There are no new LK keyboards. There are fewer keyboards with keypads, too.
Unfortunately what you're using — the keypad-based application and
keypad-based editors — is dying out, David. (I too became quite fond
of keypad tools, but then the GUI won for most folks and most users,
and the command-line tools went to the subset keyboard or — for those
that really needed it — to the PC-compatible keyboard.) The
added-function-button PC keyboards are becoming scarce, too.
But if you're using EDT now and are not likely to migrate to a
keyboard-based editor, try LSEDIT. It has the same EDT keypad, it's
much faster than EDT, and COMPILE /REVIEW is well worth the effort of
the migration from EDT. The pattern searches are very handy, too.

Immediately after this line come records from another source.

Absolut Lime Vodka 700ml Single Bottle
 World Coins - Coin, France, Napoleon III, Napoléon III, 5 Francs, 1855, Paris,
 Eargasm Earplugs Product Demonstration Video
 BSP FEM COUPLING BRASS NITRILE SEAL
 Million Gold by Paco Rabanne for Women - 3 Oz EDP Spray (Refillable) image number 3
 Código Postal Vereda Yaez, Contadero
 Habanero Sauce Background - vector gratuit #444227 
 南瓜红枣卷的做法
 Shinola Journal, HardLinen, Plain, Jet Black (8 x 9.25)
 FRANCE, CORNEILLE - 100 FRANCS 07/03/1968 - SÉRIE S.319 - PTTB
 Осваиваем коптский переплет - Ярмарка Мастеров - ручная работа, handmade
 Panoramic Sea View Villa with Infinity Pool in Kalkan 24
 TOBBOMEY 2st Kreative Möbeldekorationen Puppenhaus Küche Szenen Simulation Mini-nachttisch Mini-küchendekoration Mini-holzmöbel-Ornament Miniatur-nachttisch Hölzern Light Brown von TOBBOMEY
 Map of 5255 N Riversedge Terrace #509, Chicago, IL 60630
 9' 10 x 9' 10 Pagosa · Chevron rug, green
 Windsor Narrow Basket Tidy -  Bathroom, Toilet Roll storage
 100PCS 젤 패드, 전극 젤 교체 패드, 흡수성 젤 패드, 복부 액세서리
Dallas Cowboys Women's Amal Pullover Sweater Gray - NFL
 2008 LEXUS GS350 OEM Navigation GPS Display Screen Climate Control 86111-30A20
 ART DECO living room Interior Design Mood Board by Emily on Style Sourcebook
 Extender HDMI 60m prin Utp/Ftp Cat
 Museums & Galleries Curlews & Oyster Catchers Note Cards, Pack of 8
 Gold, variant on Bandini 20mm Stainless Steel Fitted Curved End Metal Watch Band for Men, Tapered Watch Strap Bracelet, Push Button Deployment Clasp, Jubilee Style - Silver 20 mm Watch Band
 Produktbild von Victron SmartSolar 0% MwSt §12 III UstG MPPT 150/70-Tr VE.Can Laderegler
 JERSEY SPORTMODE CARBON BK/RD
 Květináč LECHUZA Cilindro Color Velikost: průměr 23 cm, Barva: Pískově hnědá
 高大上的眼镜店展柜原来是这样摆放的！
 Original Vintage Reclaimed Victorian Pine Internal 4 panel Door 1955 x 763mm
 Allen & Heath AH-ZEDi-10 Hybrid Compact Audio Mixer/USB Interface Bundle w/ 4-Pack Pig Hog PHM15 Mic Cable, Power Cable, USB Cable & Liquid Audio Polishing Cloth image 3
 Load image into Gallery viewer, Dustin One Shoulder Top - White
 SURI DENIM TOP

Yes, the LSEDIT command line is different. LSEDIT can be run without
the keypad, as can EDT. But I find the LSEDIT command line easier to
deal with.
Downside: EDT, LSEDIT and EVE/TPU are OpenVMS-specific, and don't exist
on other platforms. (Yes, you can find some open source for EDT, but
then you're back in the keypad quagmire.)
Among the more common text editors... Learning vim or emacs here will
take many years to retrain your fingers and to learn the new commands.
The usual analog to EDT on other systems is the pico / nano
editor, and that's keyboard based. No keypad is required. But that's
where the command line is headed. For application development, the GUI
and IDEs are what most folks are increasingly using. The available
IDEs on other platforms well past what LSEDIT can provide, and
massively far past the edit-compile-link sequence common on OpenVMS.
But for OpenVMS software and tools — whether you're at VSI or an
end-user, and whether the software is OpenVMS itself or some
application package — the DEC VT LK-series keyboard is no longer
manufactured. If that doesn't provide a convincing argument around
where hardware and dependent software is inevitably headed, I'm not
sure what will. Even if the LK production starts up again, that still
adds hardware dependencies for all of the users involved in the
LK-dependent project.
OpenVMS apps either need to forget about the VMS-layout LK and/or
provide an alternative to the keypad, or somebody start up LK
production. And then sell enough of those new LK keyboards to matter,
and that seems unlikely to succeed given pricing and commoditization.